**Your instructions:** Among the entries below, retype exactly the lines starting with the one with "Camisa de Basquete" and going on through the one with "Greenwood - Sparkle (AGS-027) [repress]", but not the pictures.

**Supplied material:**
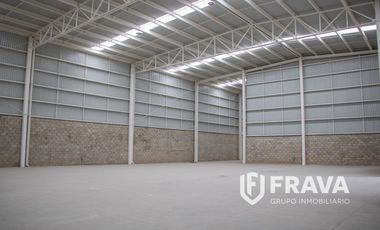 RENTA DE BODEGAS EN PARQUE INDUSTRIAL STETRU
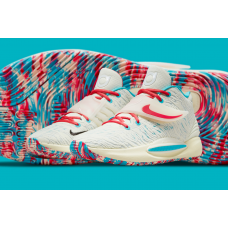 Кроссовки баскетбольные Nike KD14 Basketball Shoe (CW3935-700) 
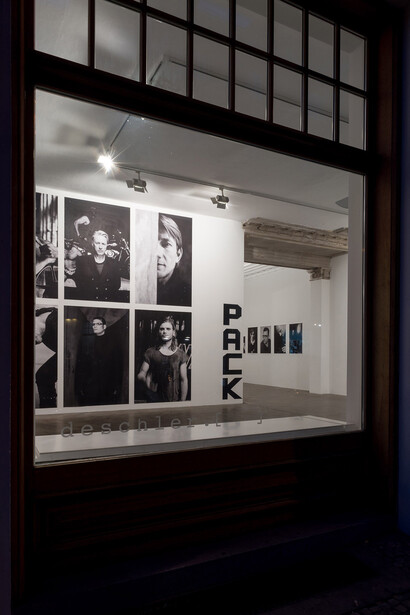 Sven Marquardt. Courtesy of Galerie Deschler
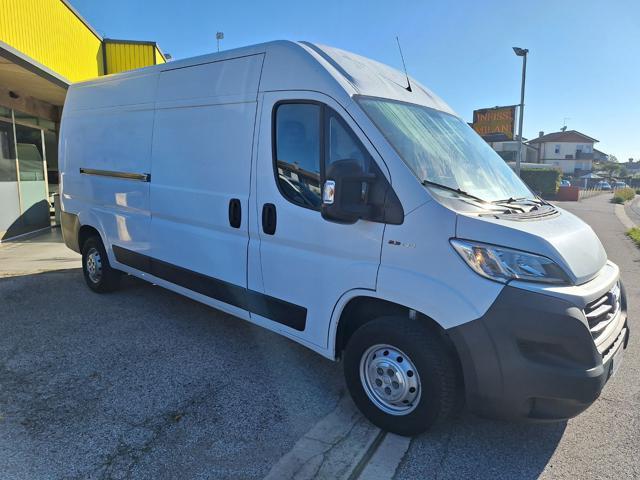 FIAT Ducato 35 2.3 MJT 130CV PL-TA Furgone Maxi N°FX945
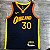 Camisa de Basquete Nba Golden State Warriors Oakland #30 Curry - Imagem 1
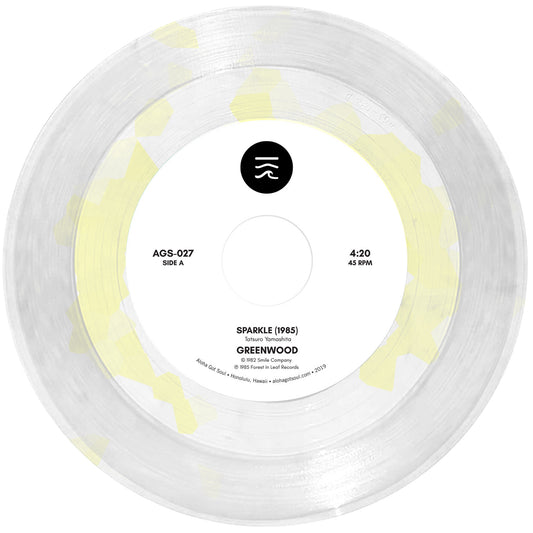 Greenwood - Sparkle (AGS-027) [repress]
* * *
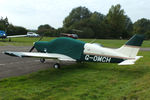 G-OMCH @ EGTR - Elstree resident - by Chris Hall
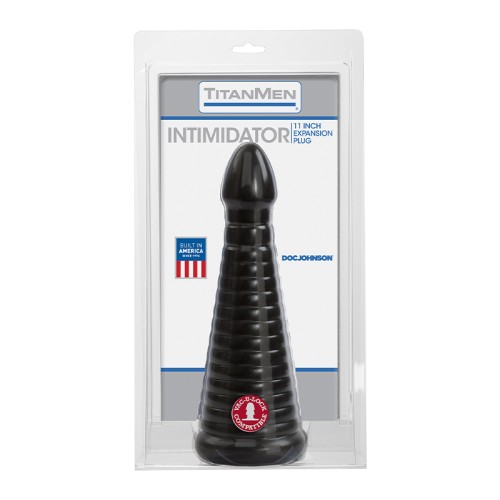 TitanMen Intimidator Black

**Answer section:**
 Camisa de Basquete Nba Golden State Warriors Oakland #30 Curry - Imagem 1
 Greenwood - Sparkle (AGS-027) [repress]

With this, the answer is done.